Lawyers acting for buyers of Management Rights are often faced with the task of trying to explain to their clients problems which they may face as a result of badly worded Caretaking and Letting Agreements. Much of this could be avoided if developers and their advisers took more care in preparing these agreements.
Developers have a golden opportunity to set up Management Rights in a way that will not create difficulties for building managers. The developer is in complete control of the Body Corporate at the time the original Caretaking and Letting Agreements are put in place. Unfortunately where the developer’s lawyers are not management rights specialists, important aspects of the agreements will commonly be overlooked.
I have acted for many people buying units from developers and I have never found the content of these agreements to be an important factor in deciding whether or not to buy in a particular development.
Of course the agreements must be fair and reasonable to the Body Corporate; in fact the Body Corporate and Community Management Act requires this. However too often a potential buyer of the Management Rights will find that the content of the agreements makes the decision of whether or not to buy a difficult one. In many cases the content creates potential problems for the buyer because of ignorance of the law relating to Management Rights on the part of the developers and their lawyers or a lack of consideration for the potential building managers commercial interests.
It is important for the future smooth operation of the new complex that the management rights agreements strike an appropriate balance between the body corporate and the manager. Achieving such a balance makes it more likely that a complex will attract a quality manager, and thereby serves the interest of the body corporate also.

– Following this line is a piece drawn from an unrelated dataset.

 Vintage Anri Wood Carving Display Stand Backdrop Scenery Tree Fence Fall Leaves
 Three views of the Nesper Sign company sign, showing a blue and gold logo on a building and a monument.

In some cases the content of the Caretaking and Letting Agreements indicates a failure on the part of those preparing them to appreciate that a Body Corporate’s powers are limited by the Body Corporate and Community Management Legislation. Some agreements:-
- contain duties which require the building manager to carry out work which the Body Corporate has no power to pay for, for example duties relating to individual lots or even outside of the complex;
- include the delegation of Body Corporate powers to the building manager which the Body Corporate has no power to delegate.
In such cases prospective buyers of Management Rights are faced with the possibility that some time in the future their agreements could be unenforceable against the Body Corporate.

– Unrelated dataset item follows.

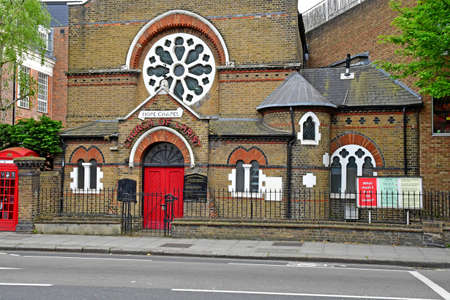 London; Hampstead, England - may 5 2019 : church of christ in the Saint Pancras district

The following are some examples drawn from actual agreements which illustrate a failure on the part of those preparing the Caretaking and Letting Agreements to properly consider the commercial interests of the building manager:-
- duties that are so broadly worded they are bound to cause confusion between the Body Corporate and the building manager as to the extent of the work the building manager has to carry out to perform the duties;
- a Body Corporate being given the power to set the hours during which the building managers office must be staffed;
- a Body Corporate being given the power to force a building manager to transfer the managers unit and the Management Rights Business to someone else when the Caretaking and Letting Agreements come to an end. This seriously compromises the building managers negotiating position when seeking extensions of agreements;
- complicated duties in the Letting Agreement when all that is required is an authorisation to allow the manager to operate an onsite letting agency;
- failure to give the building manager control over areas required for the proper conduct of the Management Rights Business by freehold title;
- allowing the Body Corporate to
terminate the Agreements if the building manager goes bankrupt, or if a
company, is liquidated or put into administration. Because of the Gallery Vie decision, such
provisions may make it difficult or even impossible to obtain financing for
management rights purchase.
Also, such a provision is not contained in the legislative provisions allowing for termination.

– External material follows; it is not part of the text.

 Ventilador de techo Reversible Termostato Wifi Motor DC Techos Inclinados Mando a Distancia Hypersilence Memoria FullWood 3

Developers and their legal and body corporate advisers must make sure the content of Caretaking and Letting Agreements is right before the selling of lots in the development starts. Developers are obliged to provide to buyers of lots copies of the proposed Caretaking and Letting Agreements. Any subsequent changes to the proposed agreements must be notified to contracted buyers each of whom may have the right to cancel a purchase if they will be materially affected by any of the changes.
John, you’ve hit the nail on the head as this has been a problem for many years, i.e. large corporate lawyers seeking residential contract work for developers pulling an MLR draft set of agreements off the shelf, with a one size fits all approach.
It amused me when the agreements referred to the sauna and tennis court, when these facilities didn’t exist!
Certainly a real opportunity for industry Lawyers to door knock developers!